Exercise goal:
Write out all the data again, exactly as shown.

....................

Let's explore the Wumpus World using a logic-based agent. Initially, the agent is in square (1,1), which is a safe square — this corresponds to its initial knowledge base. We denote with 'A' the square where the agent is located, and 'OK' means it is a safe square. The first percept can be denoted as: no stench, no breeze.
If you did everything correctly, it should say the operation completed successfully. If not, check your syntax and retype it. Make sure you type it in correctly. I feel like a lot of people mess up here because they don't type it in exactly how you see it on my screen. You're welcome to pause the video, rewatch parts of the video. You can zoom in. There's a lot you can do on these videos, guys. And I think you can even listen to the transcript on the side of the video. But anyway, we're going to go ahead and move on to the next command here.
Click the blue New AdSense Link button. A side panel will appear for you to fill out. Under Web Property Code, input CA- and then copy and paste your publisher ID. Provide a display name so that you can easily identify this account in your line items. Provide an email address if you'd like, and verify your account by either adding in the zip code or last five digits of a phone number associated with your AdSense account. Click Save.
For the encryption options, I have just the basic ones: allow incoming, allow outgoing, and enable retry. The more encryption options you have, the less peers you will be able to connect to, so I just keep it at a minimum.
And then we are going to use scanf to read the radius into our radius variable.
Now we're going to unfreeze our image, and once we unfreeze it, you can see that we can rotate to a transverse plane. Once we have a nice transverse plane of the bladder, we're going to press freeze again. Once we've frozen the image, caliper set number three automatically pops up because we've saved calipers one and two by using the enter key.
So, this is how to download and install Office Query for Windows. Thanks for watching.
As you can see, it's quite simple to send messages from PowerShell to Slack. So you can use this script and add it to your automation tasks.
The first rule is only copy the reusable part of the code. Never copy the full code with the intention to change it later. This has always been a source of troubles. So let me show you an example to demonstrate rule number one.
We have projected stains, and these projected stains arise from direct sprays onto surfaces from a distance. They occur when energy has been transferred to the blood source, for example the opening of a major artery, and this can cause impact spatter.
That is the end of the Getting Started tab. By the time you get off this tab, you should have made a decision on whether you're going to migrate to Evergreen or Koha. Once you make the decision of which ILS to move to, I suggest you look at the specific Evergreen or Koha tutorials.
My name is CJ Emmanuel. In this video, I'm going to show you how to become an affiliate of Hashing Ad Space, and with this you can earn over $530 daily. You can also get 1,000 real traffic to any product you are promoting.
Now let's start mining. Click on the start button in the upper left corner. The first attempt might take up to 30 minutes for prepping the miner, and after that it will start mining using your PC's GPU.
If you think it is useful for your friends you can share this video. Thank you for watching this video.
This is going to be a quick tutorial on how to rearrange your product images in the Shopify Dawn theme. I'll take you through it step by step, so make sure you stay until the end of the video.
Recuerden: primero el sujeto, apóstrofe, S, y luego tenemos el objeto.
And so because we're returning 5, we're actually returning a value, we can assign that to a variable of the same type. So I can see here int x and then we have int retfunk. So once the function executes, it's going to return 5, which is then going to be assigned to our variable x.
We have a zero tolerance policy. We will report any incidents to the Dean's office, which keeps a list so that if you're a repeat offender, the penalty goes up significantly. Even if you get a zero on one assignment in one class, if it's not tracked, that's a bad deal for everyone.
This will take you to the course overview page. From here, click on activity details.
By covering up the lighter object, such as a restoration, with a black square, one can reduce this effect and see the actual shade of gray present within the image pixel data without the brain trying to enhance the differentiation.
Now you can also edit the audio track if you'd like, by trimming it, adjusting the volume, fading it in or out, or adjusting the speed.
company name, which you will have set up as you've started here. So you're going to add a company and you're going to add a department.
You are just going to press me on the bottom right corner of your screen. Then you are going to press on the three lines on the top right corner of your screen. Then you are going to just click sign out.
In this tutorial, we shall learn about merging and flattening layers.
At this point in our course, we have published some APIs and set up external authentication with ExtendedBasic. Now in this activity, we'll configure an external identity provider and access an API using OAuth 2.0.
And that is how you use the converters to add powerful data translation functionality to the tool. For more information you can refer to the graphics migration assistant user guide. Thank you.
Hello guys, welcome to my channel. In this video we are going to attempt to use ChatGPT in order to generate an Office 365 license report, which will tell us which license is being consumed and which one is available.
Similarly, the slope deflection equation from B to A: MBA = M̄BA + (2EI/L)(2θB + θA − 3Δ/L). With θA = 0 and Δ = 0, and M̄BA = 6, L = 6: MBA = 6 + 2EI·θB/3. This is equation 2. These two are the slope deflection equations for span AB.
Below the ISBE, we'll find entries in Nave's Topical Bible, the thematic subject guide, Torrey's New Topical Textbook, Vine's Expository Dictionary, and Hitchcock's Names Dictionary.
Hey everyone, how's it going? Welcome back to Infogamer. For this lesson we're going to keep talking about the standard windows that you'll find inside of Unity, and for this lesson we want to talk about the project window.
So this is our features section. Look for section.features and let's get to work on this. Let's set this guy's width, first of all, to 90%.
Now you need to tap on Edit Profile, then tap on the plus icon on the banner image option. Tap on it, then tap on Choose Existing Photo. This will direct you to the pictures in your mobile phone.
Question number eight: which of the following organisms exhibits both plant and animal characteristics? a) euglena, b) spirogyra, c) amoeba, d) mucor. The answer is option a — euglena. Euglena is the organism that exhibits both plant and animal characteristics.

....................

Output for this exercise:
Let's explore the Wumpus World using a logic-based agent. Initially, the agent is in square (1,1), which is a safe square — this corresponds to its initial knowledge base. We denote with 'A' the square where the agent is located, and 'OK' means it is a safe square. The first percept can be denoted as: no stench, no breeze.
If you did everything correctly, it should say the operation completed successfully. If not, check your syntax and retype it. Make sure you type it in correctly. I feel like a lot of people mess up here because they don't type it in exactly how you see it on my screen. You're welcome to pause the video, rewatch parts of the video. You can zoom in. There's a lot you can do on these videos, guys. And I think you can even listen to the transcript on the side of the video. But anyway, we're going to go ahead and move on to the next command here.
Click the blue New AdSense Link button. A side panel will appear for you to fill out. Under Web Property Code, input CA- and then copy and paste your publisher ID. Provide a display name so that you can easily identify this account in your line items. Provide an email address if you'd like, and verify your account by either adding in the zip code or last five digits of a phone number associated with your AdSense account. Click Save.
For the encryption options, I have just the basic ones: allow incoming, allow outgoing, and enable retry. The more encryption options you have, the less peers you will be able to connect to, so I just keep it at a minimum.
And then we are going to use scanf to read the radius into our radius variable.
Now we're going to unfreeze our image, and once we unfreeze it, you can see that we can rotate to a transverse plane. Once we have a nice transverse plane of the bladder, we're going to press freeze again. Once we've frozen the image, caliper set number three automatically pops up because we've saved calipers one and two by using the enter key.
So, this is how to download and install Office Query for Windows. Thanks for watching.
As you can see, it's quite simple to send messages from PowerShell to Slack. So you can use this script and add it to your automation tasks.
The first rule is only copy the reusable part of the code. Never copy the full code with the intention to change it later. This has always been a source of troubles. So let me show you an example to demonstrate rule number one.
We have projected stains, and these projected stains arise from direct sprays onto surfaces from a distance. They occur when energy has been transferred to the blood source, for example the opening of a major artery, and this can cause impact spatter.
That is the end of the Getting Started tab. By the time you get off this tab, you should have made a decision on whether you're going to migrate to Evergreen or Koha. Once you make the decision of which ILS to move to, I suggest you look at the specific Evergreen or Koha tutorials.
My name is CJ Emmanuel. In this video, I'm going to show you how to become an affiliate of Hashing Ad Space, and with this you can earn over $530 daily. You can also get 1,000 real traffic to any product you are promoting.
Now let's start mining. Click on the start button in the upper left corner. The first attempt might take up to 30 minutes for prepping the miner, and after that it will start mining using your PC's GPU.
If you think it is useful for your friends you can share this video. Thank you for watching this video.
This is going to be a quick tutorial on how to rearrange your product images in the Shopify Dawn theme. I'll take you through it step by step, so make sure you stay until the end of the video.
Recuerden: primero el sujeto, apóstrofe, S, y luego tenemos el objeto.
And so because we're returning 5, we're actually returning a value, we can assign that to a variable of the same type. So I can see here int x and then we have int retfunk. So once the function executes, it's going to return 5, which is then going to be assigned to our variable x.
We have a zero tolerance policy. We will report any incidents to the Dean's office, which keeps a list so that if you're a repeat offender, the penalty goes up significantly. Even if you get a zero on one assignment in one class, if it's not tracked, that's a bad deal for everyone.
This will take you to the course overview page. From here, click on activity details.
By covering up the lighter object, such as a restoration, with a black square, one can reduce this effect and see the actual shade of gray present within the image pixel data without the brain trying to enhance the differentiation.
Now you can also edit the audio track if you'd like, by trimming it, adjusting the volume, fading it in or out, or adjusting the speed.
company name, which you will have set up as you've started here. So you're going to add a company and you're going to add a department.
You are just going to press me on the bottom right corner of your screen. Then you are going to press on the three lines on the top right corner of your screen. Then you are going to just click sign out.
In this tutorial, we shall learn about merging and flattening layers.
At this point in our course, we have published some APIs and set up external authentication with ExtendedBasic. Now in this activity, we'll configure an external identity provider and access an API using OAuth 2.0.
And that is how you use the converters to add powerful data translation functionality to the tool. For more information you can refer to the graphics migration assistant user guide. Thank you.
Hello guys, welcome to my channel. In this video we are going to attempt to use ChatGPT in order to generate an Office 365 license report, which will tell us which license is being consumed and which one is available.
Similarly, the slope deflection equation from B to A: MBA = M̄BA + (2EI/L)(2θB + θA − 3Δ/L). With θA = 0 and Δ = 0, and M̄BA = 6, L = 6: MBA = 6 + 2EI·θB/3. This is equation 2. These two are the slope deflection equations for span AB.
Below the ISBE, we'll find entries in Nave's Topical Bible, the thematic subject guide, Torrey's New Topical Textbook, Vine's Expository Dictionary, and Hitchcock's Names Dictionary.
Hey everyone, how's it going? Welcome back to Infogamer. For this lesson we're going to keep talking about the standard windows that you'll find inside of Unity, and for this lesson we want to talk about the project window.
So this is our features section. Look for section.features and let's get to work on this. Let's set this guy's width, first of all, to 90%.
Now you need to tap on Edit Profile, then tap on the plus icon on the banner image option. Tap on it, then tap on Choose Existing Photo. This will direct you to the pictures in your mobile phone.
Question number eight: which of the following organisms exhibits both plant and animal characteristics? a) euglena, b) spirogyra, c) amoeba, d) mucor. The answer is option a — euglena. Euglena is the organism that exhibits both plant and animal characteristics.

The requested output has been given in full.